6.
КЛИНАМЕН, ИЛИ ПОЭТИЧЕСКОЕ НЕДОНЕСЕНИЕ
Шелли думал, что поэты всех времен вносят, вклад в единую постоянно дописываемую Великую Поэму. Борхес замечает, что поэты создают своих предшественников. Если умершие поэты, как настаивал Элиот, определяют продвижение своих последователей в познании, это познание все-таки дело последователей, созданное живыми для удовлетворения нужд живых.
Но поэты или, по крайней мере, сильнейшие из них не обязаны читать, как обязаны читать даже самые сильные критики. Поэты — это не читатели, идеальные или обыкновенные, в стиле Арнольда или Джонсона. Когда они пишут, они не желают думать: «Вот мертвое, а вот живое в поэзии X». Когда поэты становятся сильными, они поэзию X не читают, потому что по-настоящему сильные поэты способны читать только себя. Быть справедливым для них значит быть слабым, а сравнивать точно и честно значит не быть избранником. Сатана Мильтона, архетип современного поэта в миг его величайшей силы, ослабевает, обращаясь к рассуждениям и сравнениям на горе Нифат, и таким образом открывает процесс упадка, достигающий кульминации в «Возвращенном Рае», где он наконец превращается в архетип современного критика в миг его величайшей слабости.
Попытаемся провести (само собой разумеется, легкомысленный) эксперимент: прочитаем «Потерянный Рай» как аллегорию дилеммы современного поэта в расцвете сил. Сатана — современный поэт, ну а Бог — его мертвый, но все же присутствующий и ошеломляюще мощный предшественник или, точнее, поэт-предшественник. Адам — потенциально сильный современный поэт, но предстающий в миг своей величайшей слабости, когда ему еще предстоит обрести свой голос. У Бога нет Музы, и ему она не нужна, поскольку он мертв и его творческая способность проявляется только в прошедшем времени уже написанного стихотворения. Из живых поэтов в поэме у Сатаны есть Грех, у Адама — Ева, а у Мильтона — только его Внутренняя Возлюбленная, Эманация, которая беспрестанно оплакивает его грех глубоко внутри и к которой он четырежды величественно обращается на протяжении поэмы. У Мильтона нет для нее имени, хотя он и называет ее несколькими именами, но, как он выражается, «Суть зову/Твою — не имя». Сатана, сильнейший даже в сравнении с Мильтоном поэт, ведет себя иначе, вызывая свою Музу.
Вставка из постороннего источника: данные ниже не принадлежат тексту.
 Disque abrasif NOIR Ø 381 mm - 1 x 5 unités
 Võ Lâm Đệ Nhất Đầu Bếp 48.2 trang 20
Почему Сатана современный поэт? Потому что он предвещает беду, поселяющуюся в сердце Мильтона и Попа, очищенную изоляцией печаль Коллинза и Грея, Смарта и Купера, достигающую полной ясности в поэзии Вордсворта, образцового Современного Поэта, Поэта как такового. Воплощение поэтического Характера в Сатану начинается вместе с настоящим началом повествования Мильтона, с Воплощения Сына Божия и отказа Сатаны признать это воплощение. Современная поэзия открывается двумя декларациями Сатаны: «Мы времени не ведаем, когда / Нас не было таких, какими есть» и «В страданьях ли, в борьбе ли — горе слабым».
Последуем за поэмой Мильтона. Поэзия начинается с того, что мы узнаем не о Падении, но о том, что мы падаем. Поэт — наш избранник, и осознание избрания приходит к нему проклятием, опять-таки не «Я падший человек», но «Я человек, и я падаю» или даже: «Я был Богом, я был человеком (ибо для поэта это одно и то же), и я выпадаю за пределы себя самого». Когда такое сознание «я» достигает превосходной степени, тогда поэт ударяется о дно Ада или, скорее, попадает на дно бездны и своим действием. создает там Ад. Он говорит: «Кажется, я уже не падаю; теперь я падший, следовательно, я нахожусь здесь, в Аду».